So what does CSR mean to you?

More importantly what exactly does it mean to those who claim to be practicing a socially responsible agenda?

The revelation that some of our biggest banks have been exploiting charity tax laws has shocked many.

But the biggest surprise is surely the fact that they weren’t clever enough to disguise what they were doing.

The initial revelation was sparked by the Northern Rock debacle, but further investigation has shown how it has become common practice for banks to raise billions of pounds in funds through complex financial deals that use supposedly charitable trusts which are not donating a penny to good causes.

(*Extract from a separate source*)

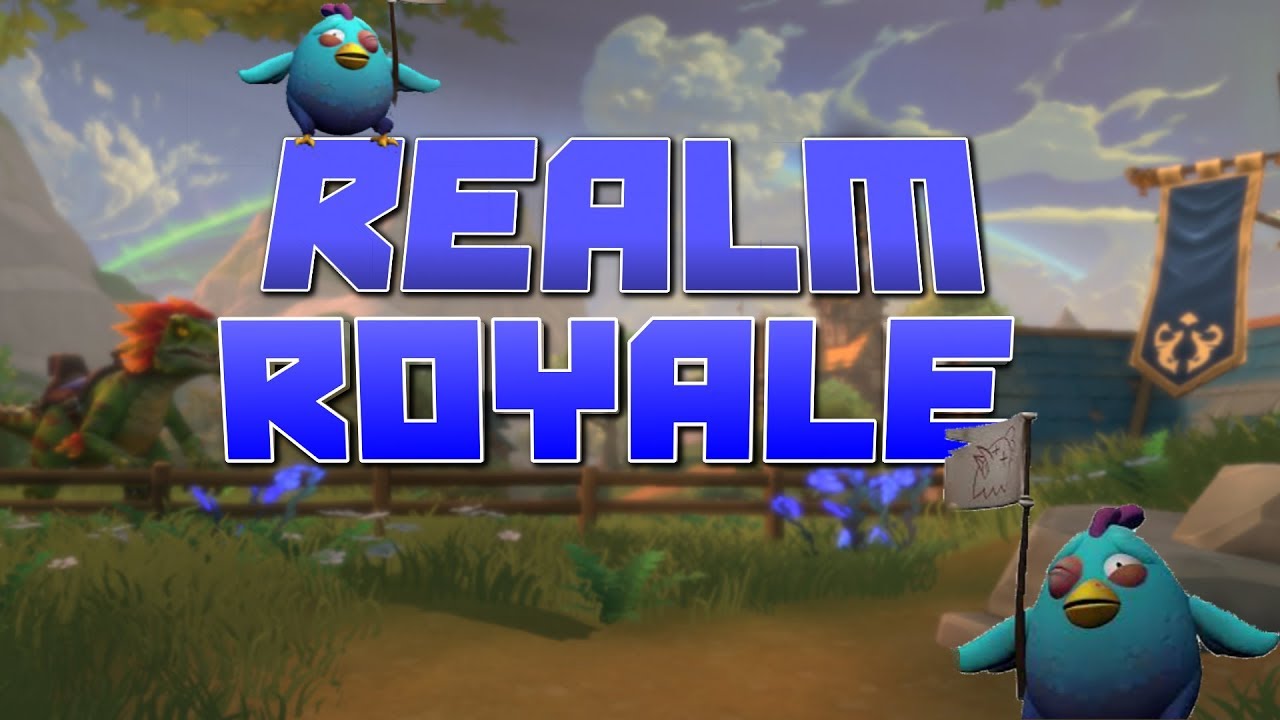 Realm Royale Beta Gameplay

I tend to agree with Patrick Butler’s suggestion that such one-sided and exploitative relationships are par for the course and invariably fall under the conveniently sexy banner of Corporate Social Responsibility.

CSR is hot stuff these days. Everyone is at it. And if they’re not at it, they are starting to get a bit twitchy about being classed as the big, bad, unfeeling, uncaring and unacceptable face of corporateland.

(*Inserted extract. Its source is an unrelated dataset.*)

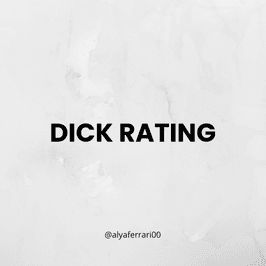 DICK RATING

Yet I am not always entirely convinced that some really understand what CSR is. They’re far happier putting a CSR label on something and hoping the outside world believes they are doing the right thing.

These days it is all about being seen to do the right thing. Even if you are a million miles away from actually achieving it, put a CSR label on it and the world smiles with you.

Banks exploiting charities thanks to a convenient loophole is no surprise.

The fact they were sloppy and complacent enough to get caught should form the basis of the real shock.

And yet even this arrogant shoddiness is nothing new these days.

So what does CSR mean?

How about Cunning, Spurious and Repellent?